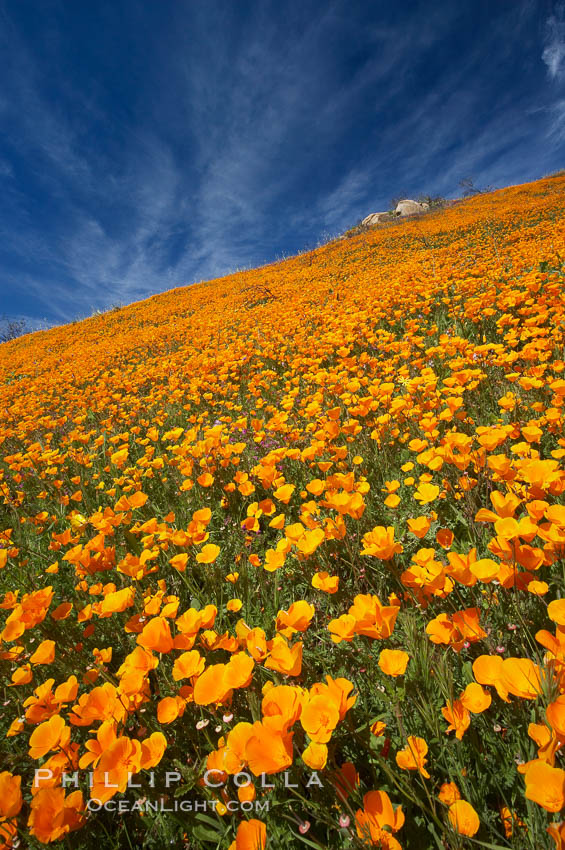 California poppies cover the hillsides in bright orange, just months after the area was devastated by wildfires. Del Dios, San Diego, USA, Eschscholtzia californica, Eschscholzia californica, natural history stock photograph, photo id 20499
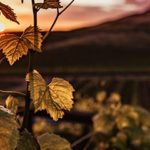 Beneficios de la vitis vinifera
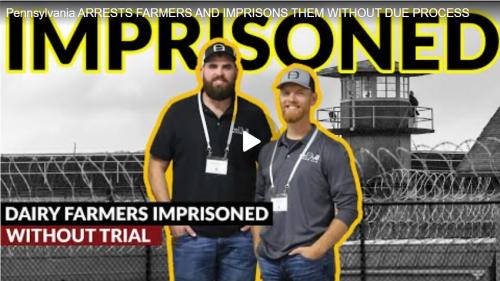 Pennsylvania Bullshit screenshot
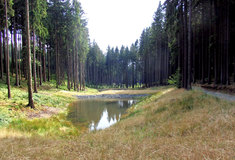 V lesích u Ledče nad Sázavou jsou znovu napuštěné tři vodní nádrže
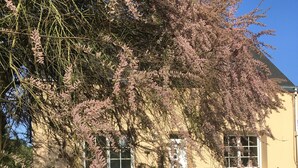Un bâtiment jaune avec une porte blanche, entouré d’une végétation luxuriante et de plantes en fleurs.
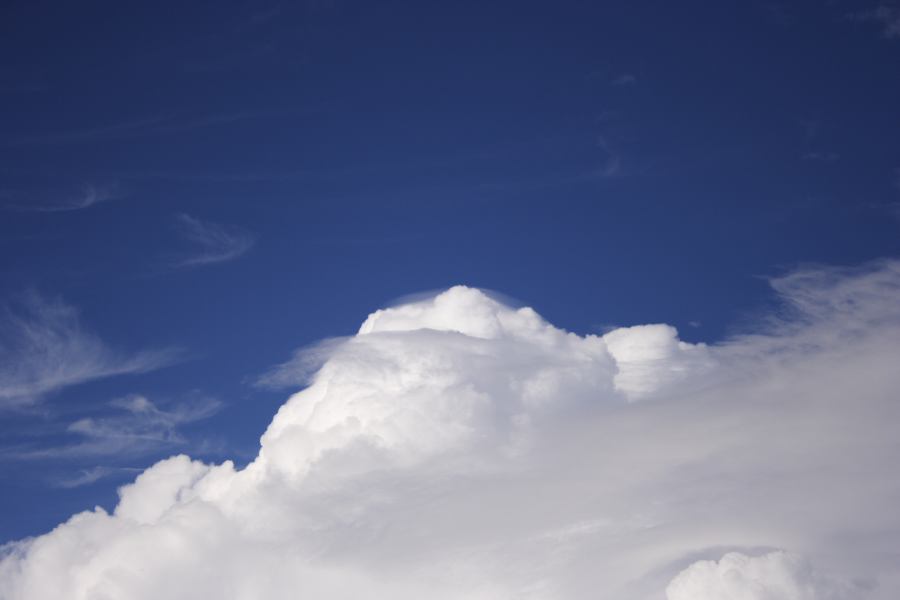 updraft thunderstorm_updrafts : Windsor, NSW   28 February 2007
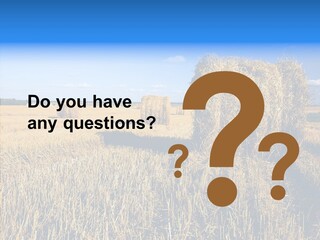 Season Wheat Blue PowerPoint Template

==============================

_REQUIREMENT_. Reproduce every record above exactly as given, excluding pictures from the result.

_SOLUTION TO THIS PROBLEM_.
 California poppies cover the hillsides in bright orange, just months after the area was devastated by wildfires. Del Dios, San Diego, USA, Eschscholtzia californica, Eschscholzia californica, natural history stock photograph, photo id 20499
 Beneficios de la vitis vinifera
 Pennsylvania Bullshit screenshot
 V lesích u Ledče nad Sázavou jsou znovu napuštěné tři vodní nádrže
Un bâtiment jaune avec une porte blanche, entouré d’une végétation luxuriante et de plantes en fleurs.
 updraft thunderstorm_updrafts : Windsor, NSW   28 February 2007
 Season Wheat Blue PowerPoint Template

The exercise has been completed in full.